Click options which are common across CLI tools.
"""
import re
from pathlib import Path
from typing import Any, Callable, Dict, Optional, Union
import click
import yaml
from .utils import DEFAULT_SUPERUSER_PASSWORD, DEFAULT_SUPERUSER_USERNAME
from .validators import (
validate_path_is_directory,
validate_path_pair,
validate_paths_are_directories,
)
def _validate_cluster_id(
ctx: click.core.Context,
param: Union[click.core.Option, click.core.Parameter],
value: Optional[Union[int, bool, str]],
) -> str:
"""
Validate that a value is a valid cluster ID.
"""
# We "use" variables to satisfy linting tools.
for _ in (ctx, param):
pass
# This matches the Docker ID regular expression.

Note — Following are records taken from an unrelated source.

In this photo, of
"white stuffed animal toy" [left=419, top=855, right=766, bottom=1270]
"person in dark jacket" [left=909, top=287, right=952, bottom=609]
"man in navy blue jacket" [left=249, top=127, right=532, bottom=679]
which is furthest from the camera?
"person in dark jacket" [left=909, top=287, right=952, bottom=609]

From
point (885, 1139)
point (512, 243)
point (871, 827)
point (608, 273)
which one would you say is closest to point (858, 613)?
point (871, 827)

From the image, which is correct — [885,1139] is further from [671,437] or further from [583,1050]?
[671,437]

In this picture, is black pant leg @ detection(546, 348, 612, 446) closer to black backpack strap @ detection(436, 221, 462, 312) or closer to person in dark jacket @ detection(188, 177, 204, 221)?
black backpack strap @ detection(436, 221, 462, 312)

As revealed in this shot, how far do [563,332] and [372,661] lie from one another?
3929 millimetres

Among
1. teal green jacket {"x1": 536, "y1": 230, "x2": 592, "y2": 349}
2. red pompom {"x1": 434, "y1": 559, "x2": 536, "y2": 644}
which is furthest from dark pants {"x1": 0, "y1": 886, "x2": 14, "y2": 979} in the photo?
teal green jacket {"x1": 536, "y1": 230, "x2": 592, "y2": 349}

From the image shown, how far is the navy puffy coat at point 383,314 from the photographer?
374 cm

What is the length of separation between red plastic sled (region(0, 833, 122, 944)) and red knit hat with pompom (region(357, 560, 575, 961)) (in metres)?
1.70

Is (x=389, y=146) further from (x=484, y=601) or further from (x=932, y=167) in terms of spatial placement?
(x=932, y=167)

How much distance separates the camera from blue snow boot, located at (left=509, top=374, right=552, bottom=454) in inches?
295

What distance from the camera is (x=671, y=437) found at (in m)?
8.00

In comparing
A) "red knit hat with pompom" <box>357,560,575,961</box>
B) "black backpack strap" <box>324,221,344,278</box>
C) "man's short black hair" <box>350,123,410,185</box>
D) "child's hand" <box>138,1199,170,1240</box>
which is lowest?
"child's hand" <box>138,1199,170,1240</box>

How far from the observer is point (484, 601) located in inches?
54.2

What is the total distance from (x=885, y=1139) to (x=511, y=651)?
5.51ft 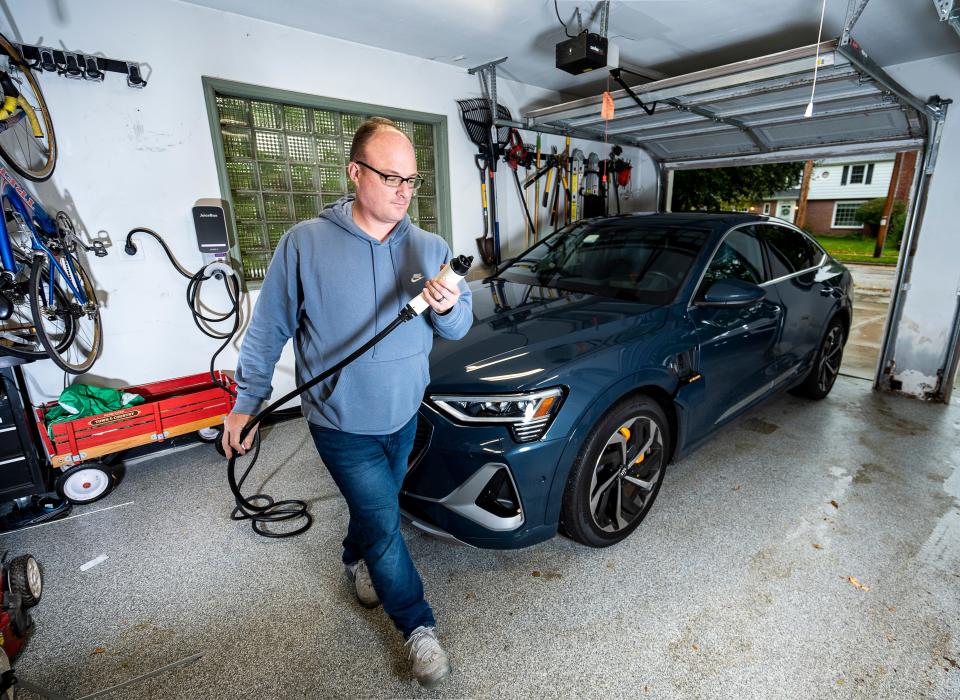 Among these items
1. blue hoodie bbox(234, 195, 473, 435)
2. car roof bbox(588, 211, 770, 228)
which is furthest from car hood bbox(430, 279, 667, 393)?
car roof bbox(588, 211, 770, 228)

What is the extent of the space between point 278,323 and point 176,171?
241 centimetres

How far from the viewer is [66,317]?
2.62 metres

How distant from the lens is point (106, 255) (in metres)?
2.85

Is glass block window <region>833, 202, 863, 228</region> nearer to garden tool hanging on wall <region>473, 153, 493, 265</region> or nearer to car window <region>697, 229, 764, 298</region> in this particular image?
garden tool hanging on wall <region>473, 153, 493, 265</region>

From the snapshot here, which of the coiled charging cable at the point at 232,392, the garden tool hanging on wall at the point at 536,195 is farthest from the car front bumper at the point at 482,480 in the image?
the garden tool hanging on wall at the point at 536,195

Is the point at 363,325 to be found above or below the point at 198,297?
above

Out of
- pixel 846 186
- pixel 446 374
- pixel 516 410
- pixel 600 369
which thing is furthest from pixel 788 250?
pixel 846 186

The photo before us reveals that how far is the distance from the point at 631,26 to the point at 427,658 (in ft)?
12.4

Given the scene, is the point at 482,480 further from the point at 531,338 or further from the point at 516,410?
the point at 531,338

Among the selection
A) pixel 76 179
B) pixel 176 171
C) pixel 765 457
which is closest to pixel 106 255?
pixel 76 179

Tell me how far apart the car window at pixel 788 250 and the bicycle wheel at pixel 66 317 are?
3983 mm

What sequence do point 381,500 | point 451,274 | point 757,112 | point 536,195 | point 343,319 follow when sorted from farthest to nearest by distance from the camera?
point 536,195
point 757,112
point 381,500
point 343,319
point 451,274

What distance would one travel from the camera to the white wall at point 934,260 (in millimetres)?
3469

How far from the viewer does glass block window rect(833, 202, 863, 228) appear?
24.0m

# This regular expression can be seen by running:
# > docker run -it --rm --id=' WHAT ? I DUNNO ! ' alpine
if not re.fullmatch('^[a-zA-Z0-9][a-zA-Z0-9_.-]*$', str(value)):
message = (
'Invalid cluster id "{value}", only [a-zA-Z0-9][a-zA-Z0-9_.-] '
'are allowed and the cluster ID cannot be empty.'
).format(value=value)
raise click.BadParameter(message)
return str(value)
def _validate_environment_variable(
ctx: click.core.Context,
param: Union[click.core.Option, click.core.Parameter],
value: Any,
) -> Dict[str, str]:
"""
Validate that environment variables are set as expected.
"""
# We "use" variables to satisfy linting tools.
for _ in (param, ctx):
pass
env = {}
for definition in value:
try:
key, val = definition.split(sep='=', maxsplit=1)
except ValueError:
message = (
'"{definition}" does not match the format "<KEY>=<VALUE>".'
).format(definition=definition)
raise click.BadParameter(message=message)
env[key] = val
return env
def _validate_dcos_configuration(
ctx: click.core.Context,
param: Union[click.core.Option, click.core.Parameter],
value: Union[int, bool, str],
) -> Dict[str, Any]:
"""
Validate that a given value is a file containing a YAML map.
"""
# We "use" variables to satisfy linting tools.
for _ in (ctx, param):
pass
if value is None:
return {}
content = Path(str(value)).read_text()
try:
return dict(yaml.load(content) or {})
except ValueError:
message = '"{content}" is not a valid DC/OS configuration'.format(
content=content,
)
except yaml.YAMLError:
message = '"{content}" is not valid YAML'.format(content=content)
raise click.BadParameter(message=message)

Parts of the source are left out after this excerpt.